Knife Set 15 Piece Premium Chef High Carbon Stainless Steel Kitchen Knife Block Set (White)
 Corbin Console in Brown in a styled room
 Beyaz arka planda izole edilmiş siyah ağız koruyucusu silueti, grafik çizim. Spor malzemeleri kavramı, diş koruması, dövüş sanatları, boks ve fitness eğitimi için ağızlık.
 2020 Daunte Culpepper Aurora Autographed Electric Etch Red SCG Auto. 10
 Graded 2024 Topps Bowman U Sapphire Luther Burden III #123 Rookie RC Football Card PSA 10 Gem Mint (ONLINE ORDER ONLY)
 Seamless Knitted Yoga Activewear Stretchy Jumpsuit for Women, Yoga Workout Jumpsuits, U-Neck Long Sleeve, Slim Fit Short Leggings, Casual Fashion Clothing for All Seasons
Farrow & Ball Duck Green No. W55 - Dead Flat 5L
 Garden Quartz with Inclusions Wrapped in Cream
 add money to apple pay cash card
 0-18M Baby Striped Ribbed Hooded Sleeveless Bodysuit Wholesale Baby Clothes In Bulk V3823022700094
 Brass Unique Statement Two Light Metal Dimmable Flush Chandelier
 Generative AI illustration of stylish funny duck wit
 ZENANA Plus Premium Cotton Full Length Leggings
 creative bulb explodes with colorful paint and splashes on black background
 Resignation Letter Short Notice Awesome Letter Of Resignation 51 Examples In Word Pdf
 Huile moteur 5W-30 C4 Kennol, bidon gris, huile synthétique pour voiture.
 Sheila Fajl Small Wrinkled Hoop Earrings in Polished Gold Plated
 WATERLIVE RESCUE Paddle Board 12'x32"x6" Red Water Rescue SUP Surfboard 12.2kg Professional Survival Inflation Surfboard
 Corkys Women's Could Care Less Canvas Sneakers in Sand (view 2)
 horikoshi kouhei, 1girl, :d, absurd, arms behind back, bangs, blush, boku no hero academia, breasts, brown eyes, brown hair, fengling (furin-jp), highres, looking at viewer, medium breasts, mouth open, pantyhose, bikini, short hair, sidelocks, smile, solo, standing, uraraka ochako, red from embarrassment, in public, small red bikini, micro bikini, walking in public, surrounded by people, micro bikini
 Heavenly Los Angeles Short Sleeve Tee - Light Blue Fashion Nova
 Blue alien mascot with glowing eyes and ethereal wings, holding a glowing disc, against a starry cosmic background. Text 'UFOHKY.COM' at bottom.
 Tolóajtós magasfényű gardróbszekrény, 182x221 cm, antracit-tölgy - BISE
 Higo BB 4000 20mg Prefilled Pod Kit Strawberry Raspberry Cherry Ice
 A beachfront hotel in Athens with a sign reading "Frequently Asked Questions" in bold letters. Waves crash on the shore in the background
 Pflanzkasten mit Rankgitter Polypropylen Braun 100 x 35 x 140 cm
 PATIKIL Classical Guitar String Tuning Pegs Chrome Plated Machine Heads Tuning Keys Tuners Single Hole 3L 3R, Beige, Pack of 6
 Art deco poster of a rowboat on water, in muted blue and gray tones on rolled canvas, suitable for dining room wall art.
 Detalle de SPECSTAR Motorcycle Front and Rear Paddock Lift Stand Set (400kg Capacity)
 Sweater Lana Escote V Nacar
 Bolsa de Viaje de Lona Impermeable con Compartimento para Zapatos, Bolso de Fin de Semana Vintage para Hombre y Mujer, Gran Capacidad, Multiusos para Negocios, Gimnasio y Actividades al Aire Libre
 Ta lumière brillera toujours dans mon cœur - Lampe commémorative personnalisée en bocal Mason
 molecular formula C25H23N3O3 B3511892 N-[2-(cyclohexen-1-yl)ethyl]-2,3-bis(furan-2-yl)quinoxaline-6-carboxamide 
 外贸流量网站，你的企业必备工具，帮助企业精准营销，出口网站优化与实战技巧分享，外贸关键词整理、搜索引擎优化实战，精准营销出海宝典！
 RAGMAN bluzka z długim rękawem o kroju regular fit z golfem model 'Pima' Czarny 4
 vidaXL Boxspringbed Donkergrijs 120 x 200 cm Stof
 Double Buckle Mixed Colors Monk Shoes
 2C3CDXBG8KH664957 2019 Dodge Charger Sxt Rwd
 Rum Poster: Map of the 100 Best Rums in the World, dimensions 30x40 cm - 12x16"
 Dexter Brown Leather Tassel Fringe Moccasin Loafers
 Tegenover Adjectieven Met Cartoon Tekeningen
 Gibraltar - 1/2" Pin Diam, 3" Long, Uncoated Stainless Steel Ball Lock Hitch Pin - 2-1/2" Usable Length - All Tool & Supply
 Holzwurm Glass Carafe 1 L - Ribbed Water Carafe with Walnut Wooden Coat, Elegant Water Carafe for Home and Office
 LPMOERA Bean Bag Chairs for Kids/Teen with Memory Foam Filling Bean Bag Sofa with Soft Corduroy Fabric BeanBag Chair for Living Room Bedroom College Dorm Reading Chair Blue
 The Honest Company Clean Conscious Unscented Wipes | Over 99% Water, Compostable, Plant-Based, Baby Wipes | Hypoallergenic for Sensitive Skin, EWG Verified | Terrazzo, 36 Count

§ Work required:
Only one part of the material above is to be transcribed, namely the lines starting with the line that has "Tool & Supply" and going on through the line that has "Holzwurm Glass Carafe", exactly as they stand.

§ Your solution:
 Gibraltar - 1/2" Pin Diam, 3" Long, Uncoated Stainless Steel Ball Lock Hitch Pin - 2-1/2" Usable Length - All Tool & Supply
 Holzwurm Glass Carafe 1 L - Ribbed Water Carafe with Walnut Wooden Coat, Elegant Water Carafe for Home and Office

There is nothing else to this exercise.